Ecco un altro esempio in cui l’emozione può riservare brutti scherzi:

Uno studente interrogato si accinge a ripetere la lezione, imparata con motivazione a casa, cercando di argomentare con parole proprie, per non essere accusato dall’insegnante di studiare in maniera mnemonica. Tuttavia lo stato emotivo, in questo caso troppo attivato e poco controllabile dal SAS, può far “saltare” il sistema di controllo, portando lo studente a cantilenare in modo automatizzato ciò che ha studiato. L’altro comportamento è quello della scena muta: il soggetto rimane bloccato e inibito.

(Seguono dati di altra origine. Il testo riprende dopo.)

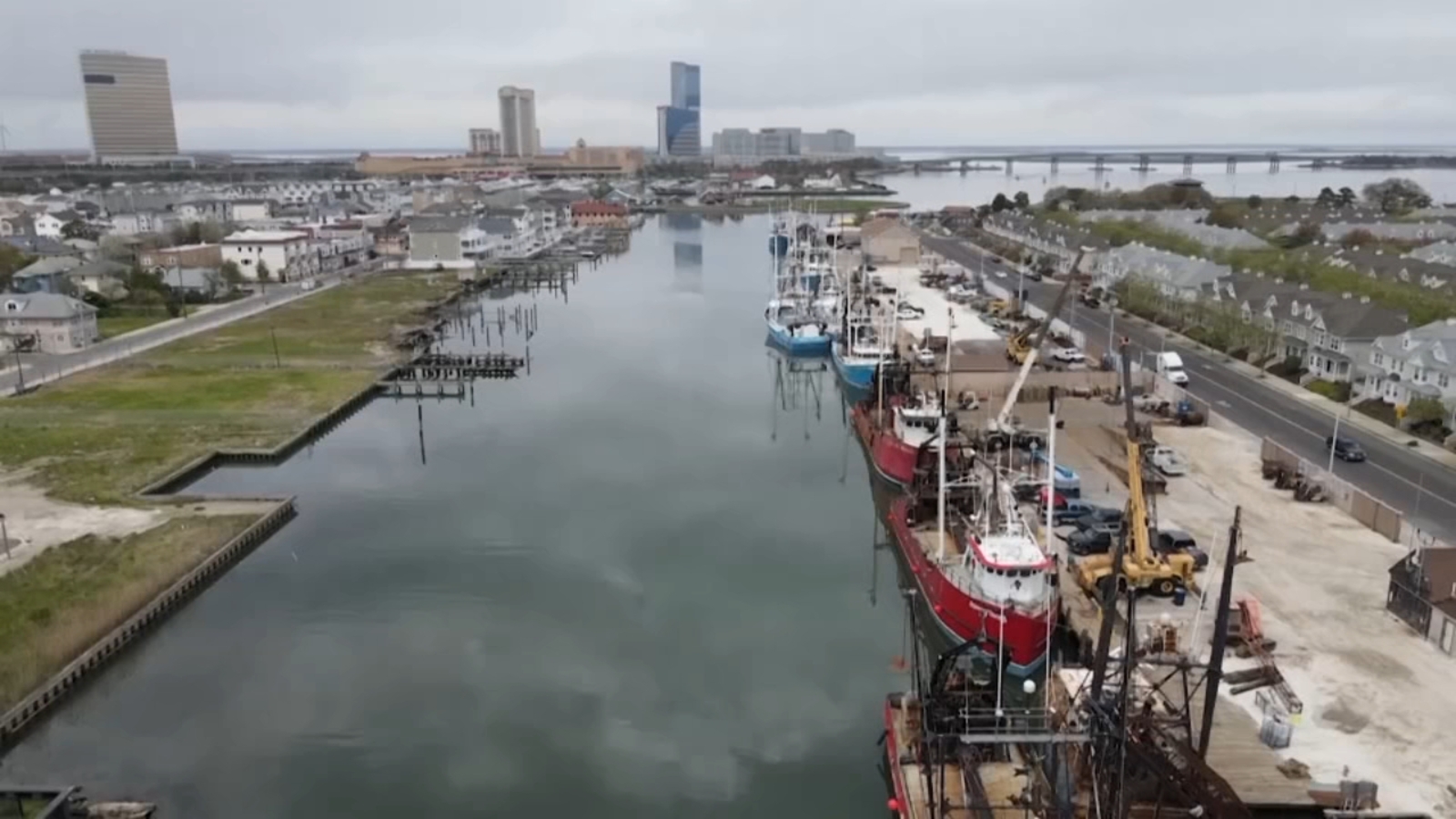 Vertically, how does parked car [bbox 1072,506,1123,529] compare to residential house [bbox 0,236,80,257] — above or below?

È bene sapere che i soggetti con dislessia esprimono sempre qualche debolezza al SAS, dunque possono incorrere anche in “incidenti” e blocchi emotivi del genere, non solo in ambiti strettamente legati alla lettura4.

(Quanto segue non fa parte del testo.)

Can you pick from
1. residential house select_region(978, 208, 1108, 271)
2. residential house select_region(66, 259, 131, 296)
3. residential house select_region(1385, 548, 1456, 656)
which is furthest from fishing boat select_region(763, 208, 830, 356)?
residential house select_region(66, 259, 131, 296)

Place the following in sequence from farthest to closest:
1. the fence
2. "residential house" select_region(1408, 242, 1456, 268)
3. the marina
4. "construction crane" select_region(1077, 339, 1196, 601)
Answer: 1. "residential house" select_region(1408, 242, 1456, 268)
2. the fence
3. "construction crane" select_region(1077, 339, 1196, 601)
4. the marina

I principali compiti del SAS

Nella figura che segue ecco i principali compiti del SAS, di cui ne vedremo nel dettaglio solo alcuni, evidenziando quegli aspetti che riguardano maggiormente la vita e gli apprendimenti scolastici.

L’avvio

L’avvio di una qualsiasi azione richiede risorse. Soggetti poco autoregolati hanno problemi a gestire la frustrazione dell’avvio (per l’età) e vengono esortati più volte a iniziare compiti poco motivanti. Lavorare sulle capacità d’avvio è importante perché comporta lo sviluppo delle risorse e della gestione della frustrazione. In tal caso è anche utile il mondo dello sport (vedere Approfondimento 5 di Federica Mazzoli e Gabriele Di Giosia, nel capitolo VI).

 

L’attenzione sostenuta

Il SAS ha il compito di sostenere l’attenzione protraendo nel tempo la concentrazione di risorse su un compito. Il caso classico di attenzione sostenuta debole è quello dello scolaro che, dopo poco tempo, non segue più la spiegazione dell’insegnante, si distrae, disturba i compagni… Anche questo tipo di attenzione è allenabile: aumentando, in maniera gradulale i tempi di applicazione, lavorando su tempi brevi di concentrazione (come quando dopo un “pronti” si attende il “via”), per arrivare a far sostenere l’attenzione per interi minuti.

 

La flessibilità

Quando uno schema comportamentale continua a prevalere, nonostante non sia più conveniente, si parla di “perseverazione”, che è da intendere anche come “mancanza di flessibilità”. Il sapersi staccare da comportamenti non più adeguati richiede energie attentive, così come passare velocemente, e nel momento opportuno, da un compito ad un altro (shift di compito). Sempre nello sport può essere allenata la capacità di saper cambiare uno schema di gioco e la flessibilità (o switch), ad esempio, recuperando l’azione dopo una finta dell’avversario.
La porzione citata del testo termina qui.